The excitement of getting your first pay check could be beyond measure. Plans like throwing a party to your friends, paying off debts, buying gifts for your parents, indulging in charitable acts etc. would have already occupied your mind. These are some of the common things that everyone does on getting the first salary. However, it is also the high time you understand few financial concepts to make the money work for you ultimately.
As you step into the world of your own finance, a little bit of financial literacy and financial planning is imperative to manage your credit. Start early, it is possible that most of you are in your 20s and you will reap the benefits much earlier.
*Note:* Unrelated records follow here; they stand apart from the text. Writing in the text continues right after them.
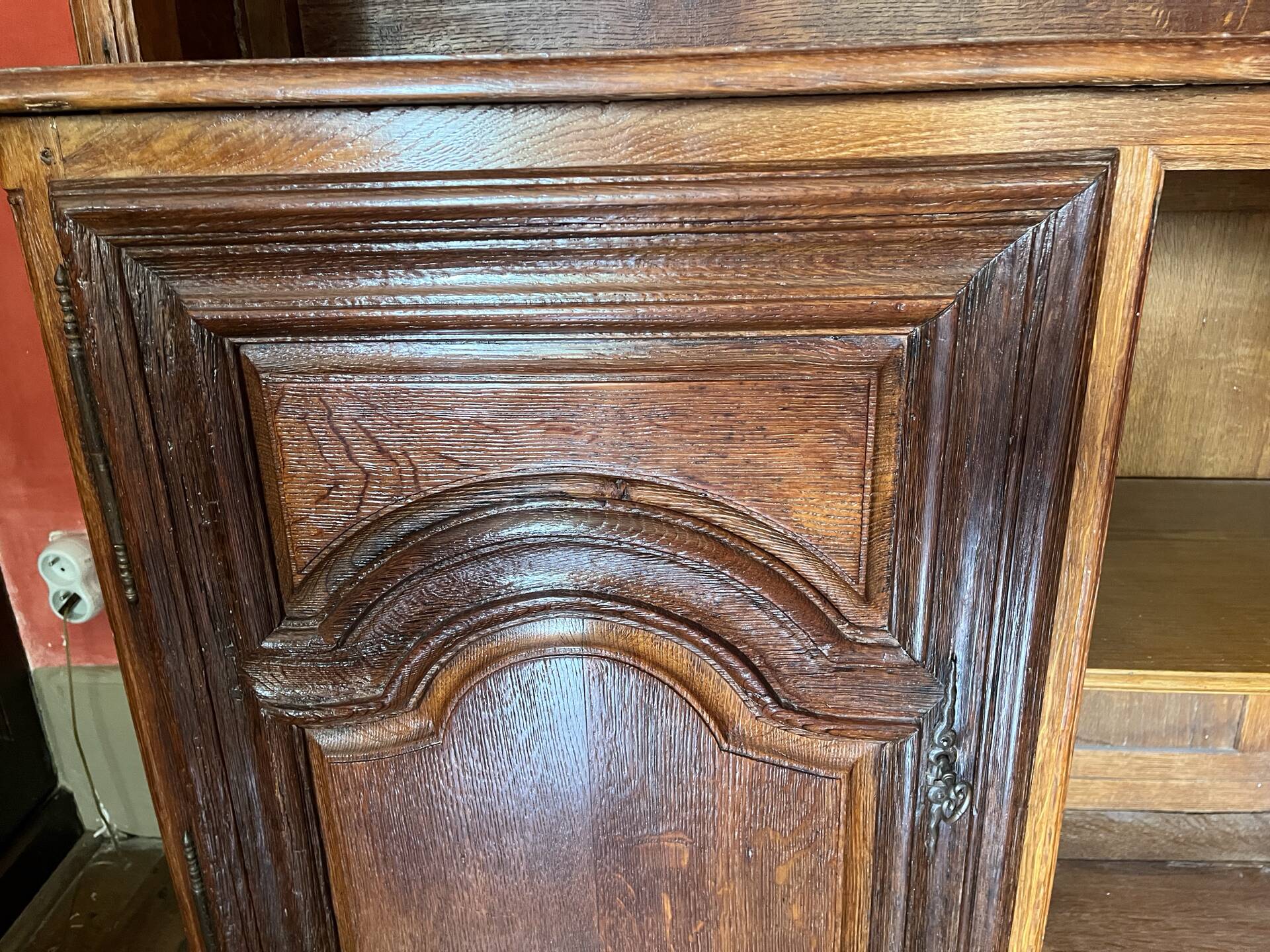 Pair of large oak bookshelves in louis-philippe style
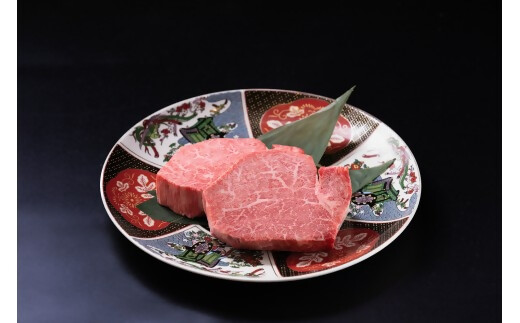 （冷凍）極上松阪牛シャトーブリアン300ｇ（ 150g×2枚） < 冷凍 >年内配送可 ( 牛肉 ブランド牛 高級 和牛 国産牛 松阪牛 松坂牛 ステーキ ヒレ フィレ シャトーブリアン シャトーブリ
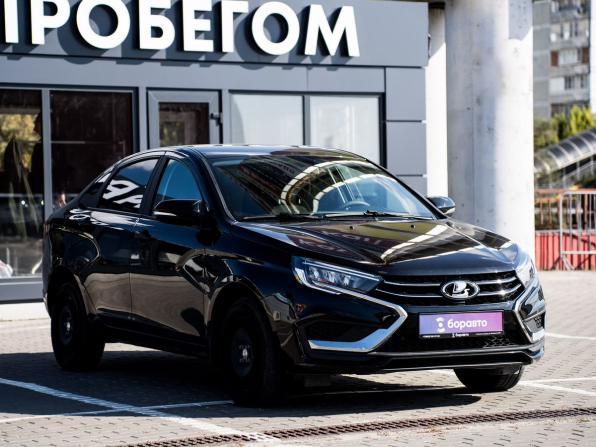 Lada (ВАЗ) Vesta I Рестайлинг (NG) с пробегом 2025 года, цена 1 290 000 рублей, 45000 км, седан, Автокод Объявления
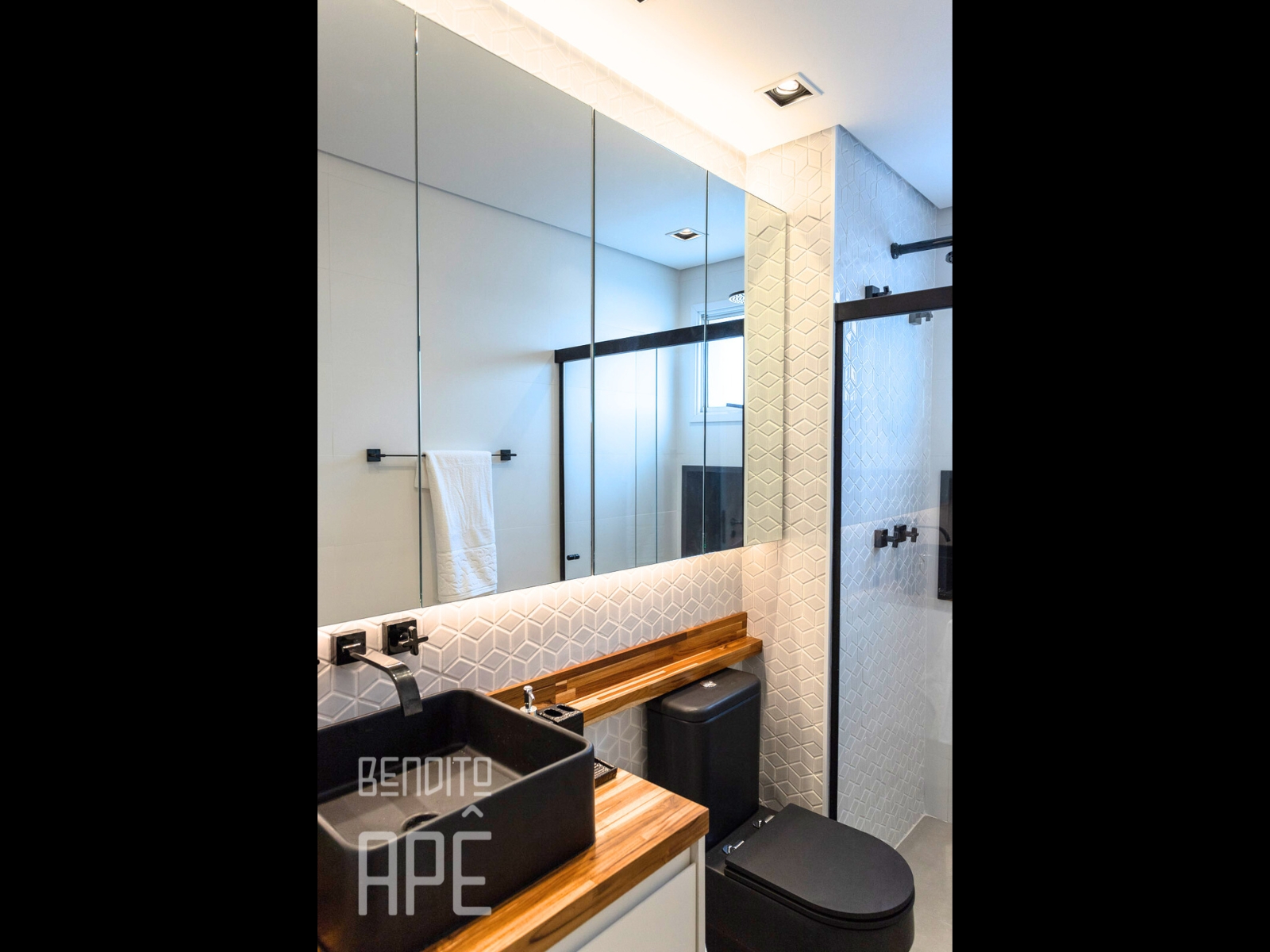 Comprar Apartamento na Rua Diana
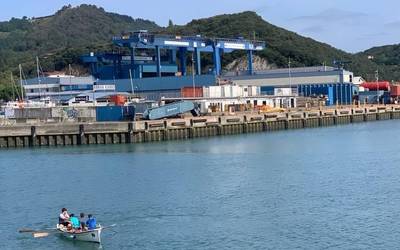 Balenciaga ontziolaren salerosketa gauza dezakete ostiralean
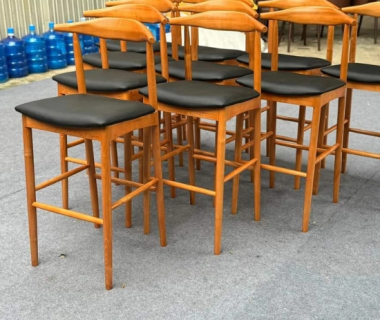 Ghế  quầy bar gỗ Bull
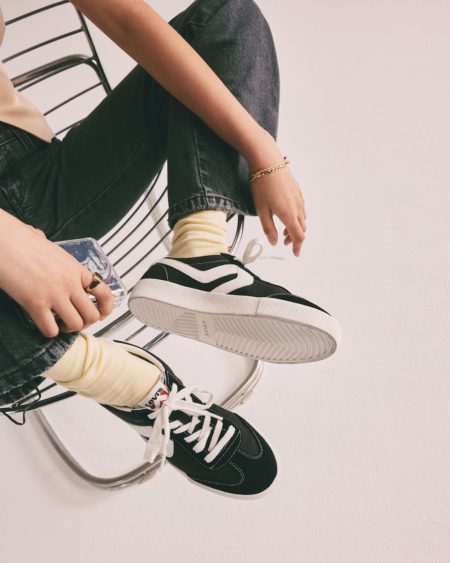 Zeynep represents levis sneakers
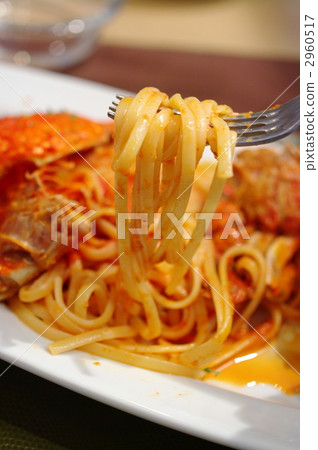移民蟹的番茄奶油意大利面 2960517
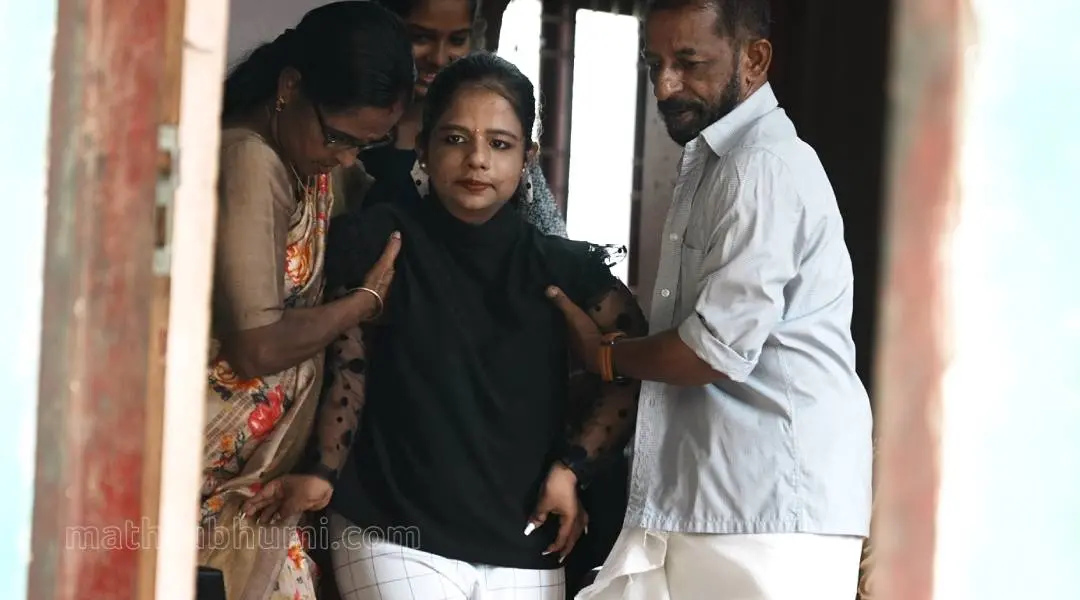 Lakshmi being helped by her father Shivaprasad and mother Rajini. | Photo: Jaivin T Xavier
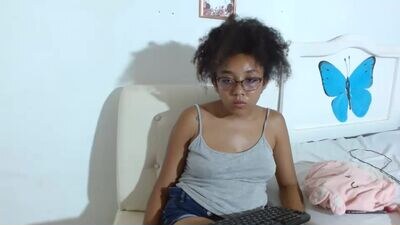 paola_torres3 public webcam profile photo 3
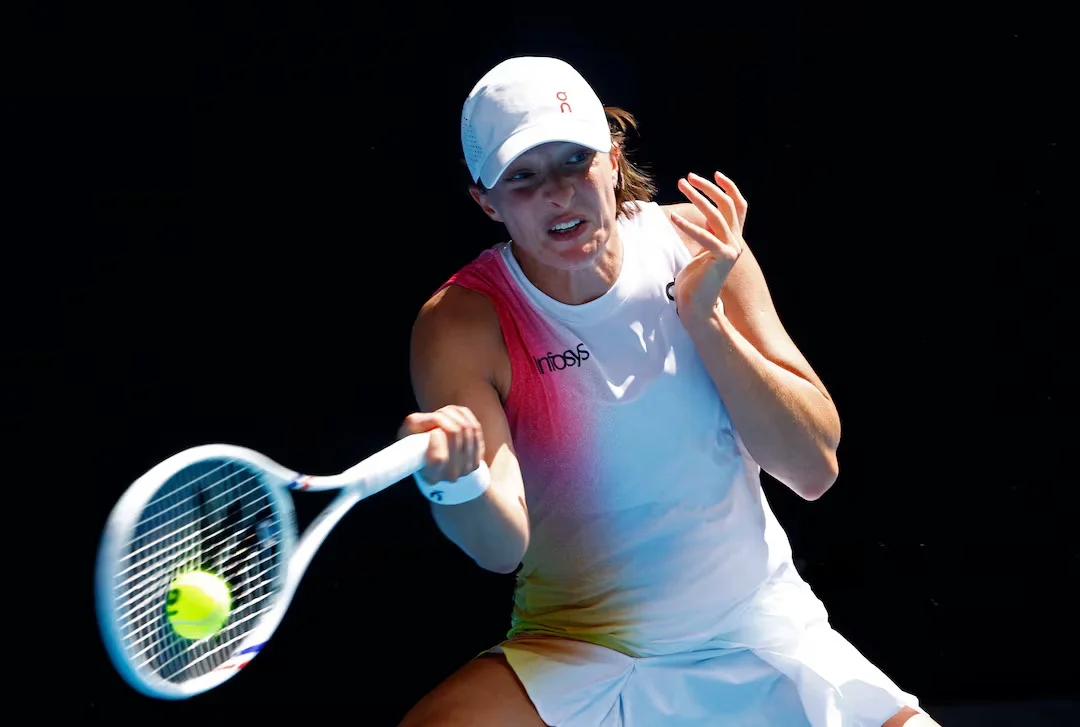 Iga Swiatek advances to Australian Open second round after gritty win over Katerina Siniakova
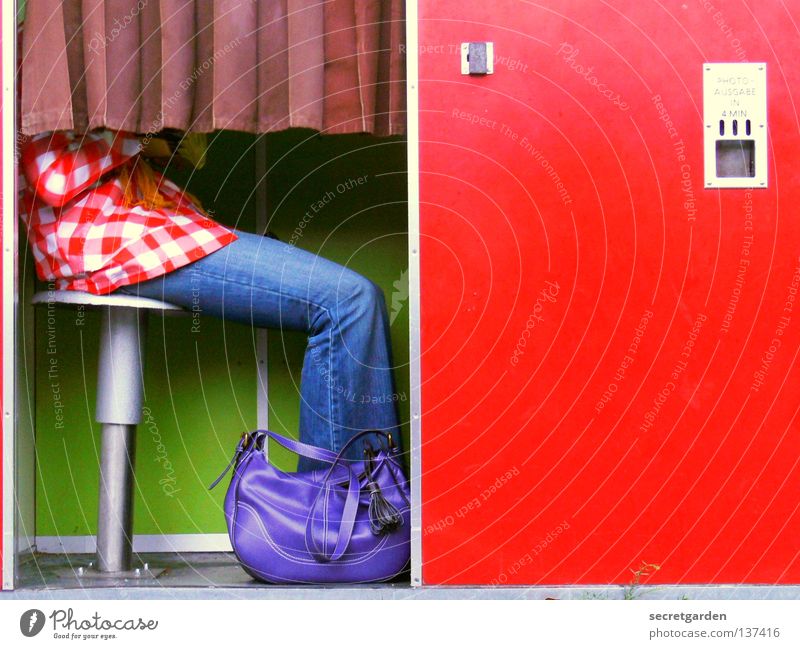 HH08.1 - 2 Euro Einwurf II Fotoautomat mehrfarbig rot grün Automat Fotografie Passbild Platz Frau Hose Sommer kopflos Tasche violett Muster kariert aufregend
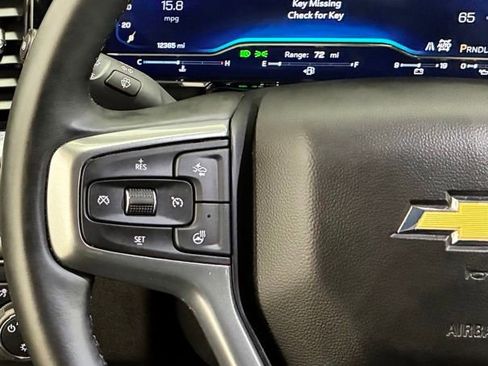 Used 2025 Chevrolet Silverado 1500 LT AWD/4WD image 13
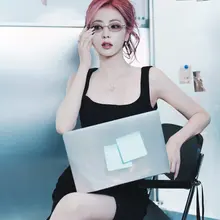 粉发佳人白鹿脚穿尖头细高跟大秀如玉般修长美腿，高跟足踝尽显迷人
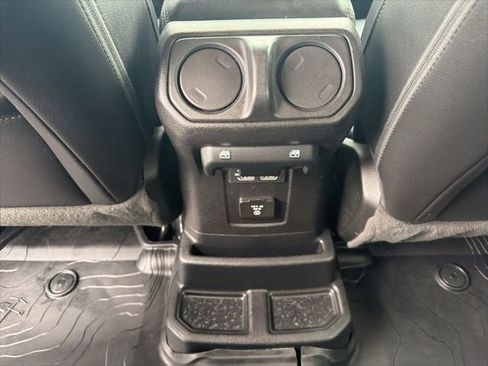 Used 2021 Jeep Wrangler Unlimited Sahara AWD/4WD image 19
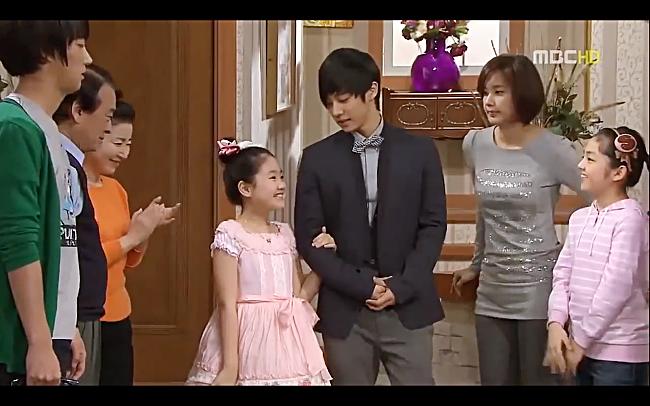 Jin Ji Hee của "Gia đình là số 1". Trong phim em vào vai Hae Ri cô bé đanh đá chua ngoa, "cuồng" Bi Rain và thích luôn những ai nhảy đẹp như thần tượng.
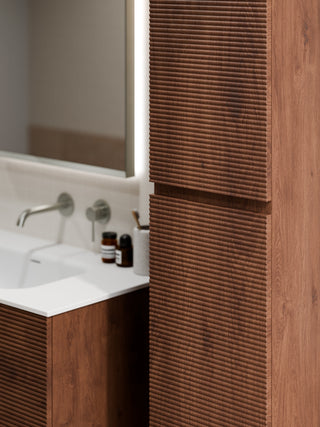 lineare-tower-vanity-orchard-walnut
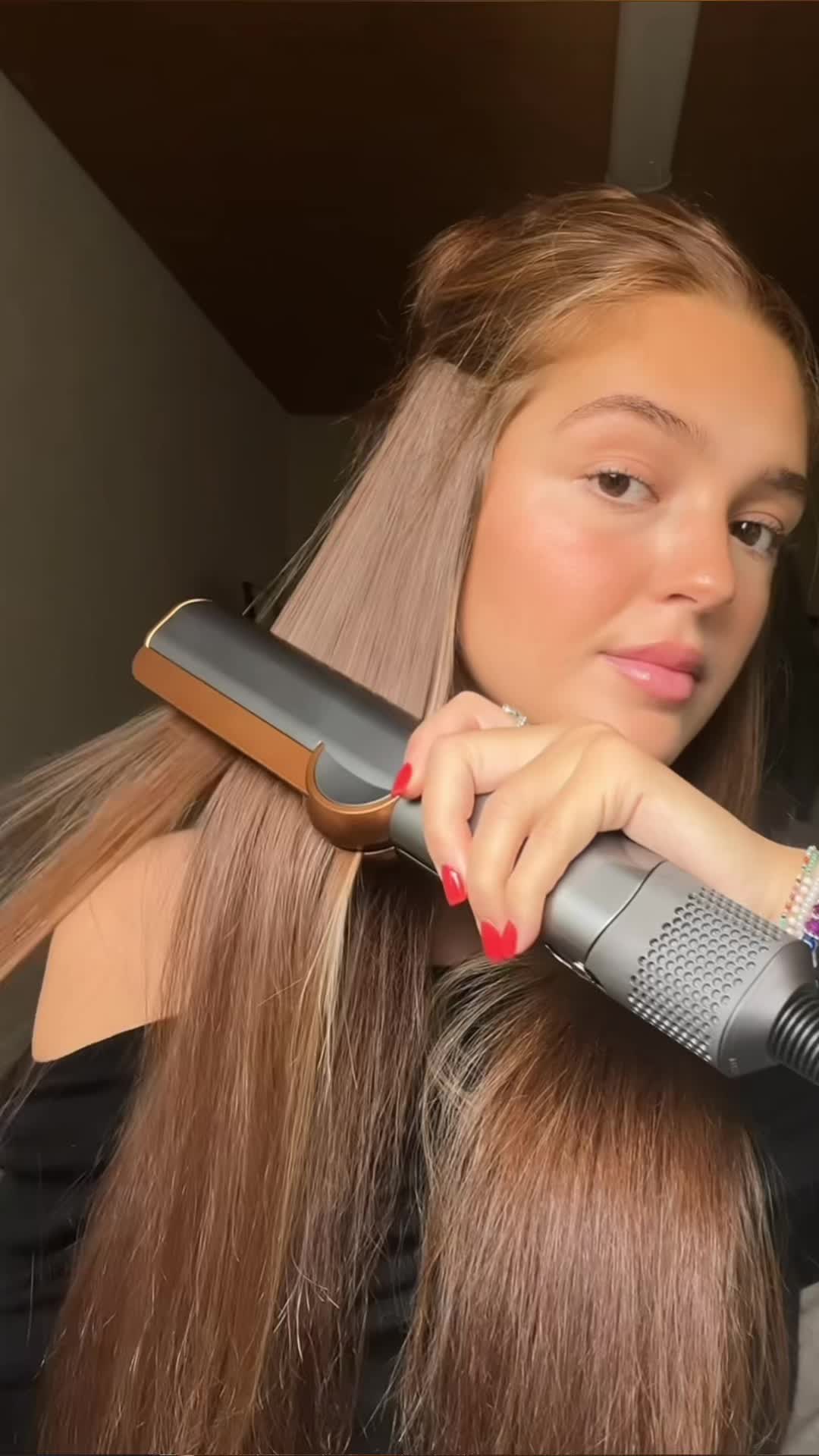 @ElenaZefi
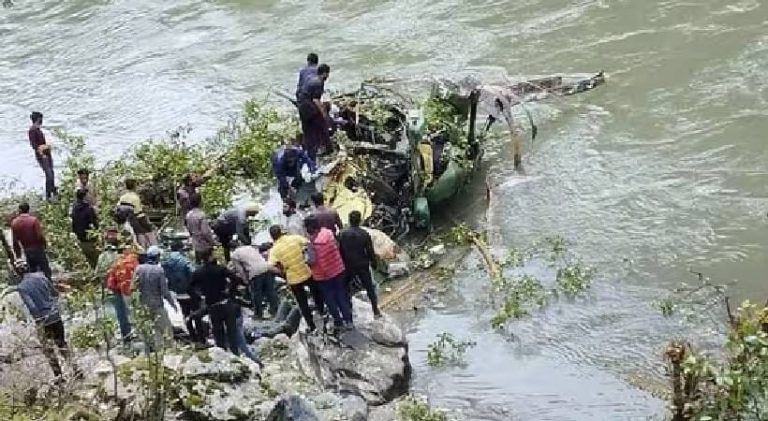 ಜಮ್ಮು ಮತ್ತು ಕಾಶ್ಮೀರದಲ್ಲಿ ಹೆಲಿಕಾಪ್ಟರ್ ಪತನ; ಯೋಧ ವೀರ ಮರಣ jammu kashmeera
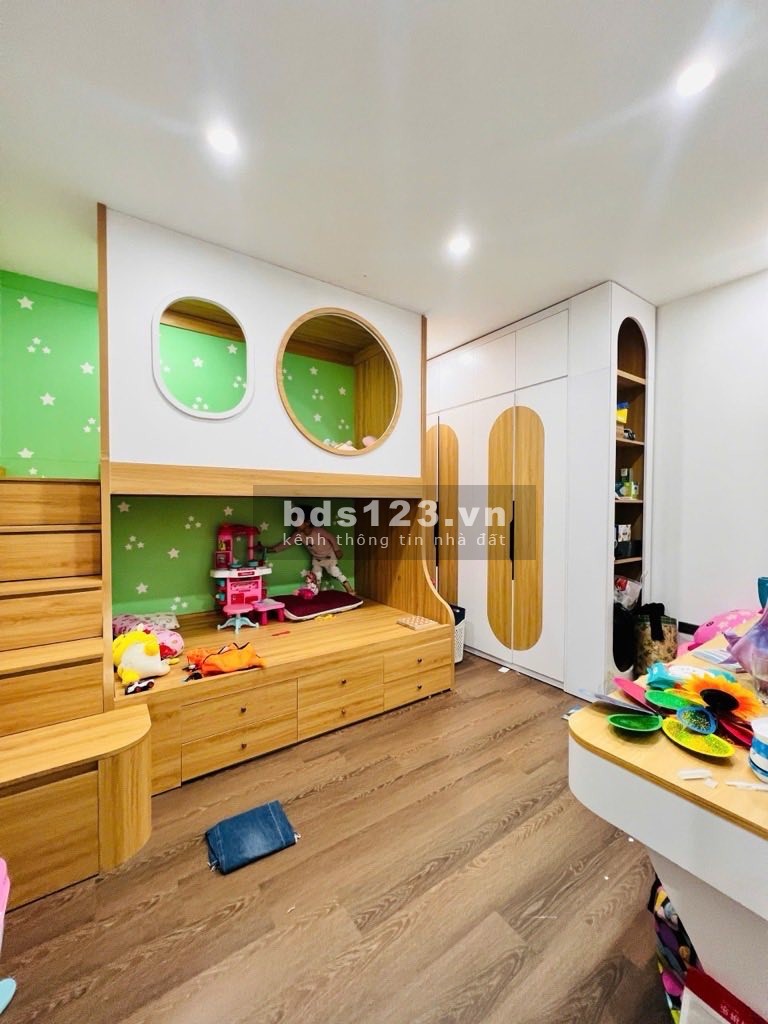 Siêu phẩm liền kề tòa nhà 6 tầng 1 tum thang máy, 2 mặt…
Tip #1: Understand Savings
It is still early days and you have, your whole career ahead of you, resist going on spending spree to buy the things they yearned to have or to travel to the places they wished or to indulge in fun-filled activities. Though these are not bad things to do, overspending could leave you broke at the end of the month.
Allot a certain portion of your income exclusively for saving. Strategize your savings for 1, 2, 5, 10 and 15 years and attach a goal along with it. As you make progress in your career, you will find it easier and beneficial for your timely need.
Tip #2: Understand Credit
Credit is very simple, borrow from lenders for your needs beyond your means and repay with an interest. The factor based on which a bank lends to you is known as the credit score and it represents your worthiness.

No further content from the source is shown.